You'll Laugh, You'll Cry: Two Documentary Reviews

I love documentaries and I recently had the opportunity to see two awesome documentaries and I hope you will check them out too!



The first film I saw was the much hyped and super adorable, Babies. The fine people at mPRm Public Relations extended an invite for an early screening and I jumped at the chance. I had seen the trailer a few times and couldn’t wait for my chance to see it. And this is coming from a mom who is NOT a baby person!

I’m pleased to report that the documentary is as enjoyable and smile inducing as the trailer. Unless you’re a baby hater, I don’t know how one could not enjoy this film, however I do think parents will enjoy this film the most.

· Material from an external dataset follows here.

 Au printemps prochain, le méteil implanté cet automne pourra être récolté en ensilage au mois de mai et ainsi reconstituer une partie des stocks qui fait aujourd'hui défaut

Through the static lens of the camera, director Thomas Balmes shows us the lives of four new humans in four different cultures – Mongolia, Namibia, Japan and the US (San Francisco). It is a true documentary, void of narration or backstory, as the director simply lets the babies’ actions speak for themselves. There’s really not much more too it as far as the description goes, but some the moments he and his crew manage to capture on film are truly breathtaking.

If this film taught me anything as a mother, it’s to stop worrying so much about my child’s development and to avoid overstimulating her. Yes, I live in Los Angeles and my daughter is growing up in a highly competitive and faced-paced environment. It’s important for her to keep up, but it’s just as important for her to just be sometimes. To let children be children. Aside from cultural differences, babies are same all over the world and this film does a beautiful job at displaying the universal truths of human nature.
Documentary number two was In The Matter of Cha Jung Hee – the follow up film to Deann Borshay Liem’s, First Person Plural. Deann is a fellow Korean adoptee and has become a personal friend over the years, but I assure you, even if you have no connection to the Korean adoptee community, you will find her story fascinating. I saw this particular screening as a part of the Los Angeles Asian Pacific Film Festival.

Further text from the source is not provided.